I arose early on July 4th with nervous anticipation to make the three-hour drive up north. My excitement grew as I geared up at Spot A and saw large numbers of alder flies everywhere without sight of another angler.
However, it soon died down, as the fishing was very slow. I threw dries and nymphs, but only managed one fallfish over three hours. I feared that my Androscoggin Curse would never lift. Eventually, I walked back to my car for lunch at high noon, scorched and dejected. Before I left, I decided that I would try one more spot.
My expectations were low as I geared up at Spot B, for fishing at high noon on a hot summer day spells the end to all fishing at large rivers. However, a light breeze and some clouds had cooled the air somewhat.

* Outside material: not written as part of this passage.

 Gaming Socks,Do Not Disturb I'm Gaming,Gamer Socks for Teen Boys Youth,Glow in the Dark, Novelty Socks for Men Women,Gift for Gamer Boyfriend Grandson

Suddenly, the fishing just seemed to turn on. Within 10 minutes, I felt a violent take and, after a pitched battle, landed a nice brown. I proceeded to land a pile of fish over the next couple hours.
Despite the number of spent caddis on the surface, all takes occurred on stonefly and caddis nymphs. Nothing else worked. The majority of them were fallfish, with a few browns and smallies mixed in. Some of those fallfish were quite large and fought incredibly well. They reminded me of the giants Jo and I caught in Maine.
About two hours in, I looked downstream and noticed a group of spin anglers heading up towards me. Eventually, one of them overtook me and started casting five feet upstream of me. The others followed suit. I was flustered, but they seemed nice enough, so I let it slide.
I sat down, ate a snack, and saw one them land a smallie before they decided to move on. There was a small moment of victory when I moved into their spot and caught a pile of large fish immediately afterwards.
After a while, I decided to move up to Spot C to find rising fish. Unfortunately, the situation was much the same, and I saw no rises despite the large number of naturals. I tightlined a few spots in heavy rapids and found a baby smallie, a small wild bow, and a larger fish that escaped.
On my way out, I ran into a father-son pair who reported rising fish at a spot I fished last fall. Unfortunately, I got lost on the now overgrown trail leading to that spot, and I decided to call it a day after getting eaten alive by bugs. On my way home, I stopped at Mr.Pizza in Gorham and enjoyed a cheese steak and a couple beers. A perfect way to end a 10-hour fishing day.